Because a man left a hole in your heart, and those didn't heal. Daniel had lasted somewhere north of five minutes after the trial, mumbling about how he needed to reevaluate things. Code for I can't be associated with you anymore. She'd thrown his five-carat diamond into White Rock Lake and sent him the video, then blocked him from her phone. Her principles had dictated that one—though the money would come in handy right now.
"No seriously." Katie flung a hand at Ivan's desk, the empty one between Carolina and Nomi where the man she'd recently started seeing sat. "That's how Ivan and I got together. Carolina's advice. Keep an open mind."
"But I'm not looking for a man," Nomi protested. A cause she could believe in? Sure. But marriage wasn't it.
"No one said you were." Shark-mode ramped up a touch as Carolina drummed her fingers on the desk. "I don't mean a real marriage. A fake one. Window dressing. Show everyone that you're not a failed lawyer or a hussy on the prowl, but a devoted wife who's picked up the pieces of her life with a loving husband who isn't afraid of public affection. Paint the public a lovely picture of a candidate who can out-Norman-Rockwell her opponent."
A murky watercolor snapped into focus, gaining bold primary colors and sharp lines as she imagined Malone standing by her side at a political event.

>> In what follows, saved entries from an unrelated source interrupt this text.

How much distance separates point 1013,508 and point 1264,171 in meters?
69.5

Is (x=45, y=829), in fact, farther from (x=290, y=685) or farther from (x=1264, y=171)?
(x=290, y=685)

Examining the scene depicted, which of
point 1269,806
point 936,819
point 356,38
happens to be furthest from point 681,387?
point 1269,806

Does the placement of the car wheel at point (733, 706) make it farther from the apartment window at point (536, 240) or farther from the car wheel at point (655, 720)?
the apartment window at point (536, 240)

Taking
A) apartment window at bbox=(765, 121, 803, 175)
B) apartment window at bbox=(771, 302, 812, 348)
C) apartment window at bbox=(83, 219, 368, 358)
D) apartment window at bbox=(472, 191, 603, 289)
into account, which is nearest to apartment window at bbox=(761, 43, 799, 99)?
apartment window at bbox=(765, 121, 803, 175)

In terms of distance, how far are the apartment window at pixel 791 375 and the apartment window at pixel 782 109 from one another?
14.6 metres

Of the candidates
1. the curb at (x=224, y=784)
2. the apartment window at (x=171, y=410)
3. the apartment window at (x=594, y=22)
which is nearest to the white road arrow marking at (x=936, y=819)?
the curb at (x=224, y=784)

He'd be her plus one at fundraisers. Provide interesting conversation at meet and greets. Best of all, he'd give her campaign bio stability while drawing attention away from the negatives.
And it would be Malone. The same guy who'd been in her corner for forever. She'd never have to worry about him spilling anything he shouldn't to the press—accidentally or on purpose which, after Mikel, was worth its weight in gold.
It wouldn't be real. She could have all the benefits of a spouse with none of the heartache.
That was quite a picture.
Against her will, she started to like it.
And that's when her brain woke up. "Why in the world would Malone volunteer for something like that? Why would anyone?"
"You might be surprised," Katie said with a laugh. "I said the same thing when Carolina suggested a similar solution to my problem, and Ivan scarcely let me get the sentence out before he raised his hand."
"Well, Ivan's taken," Nomi pointed out without a drop of sarcasm, which no one appreciated except her, apparently.
"Oh, most definitely." The goofy smile that crept over Katie's face put an exclamation point on that. "And only one man will do for this fix-it plan."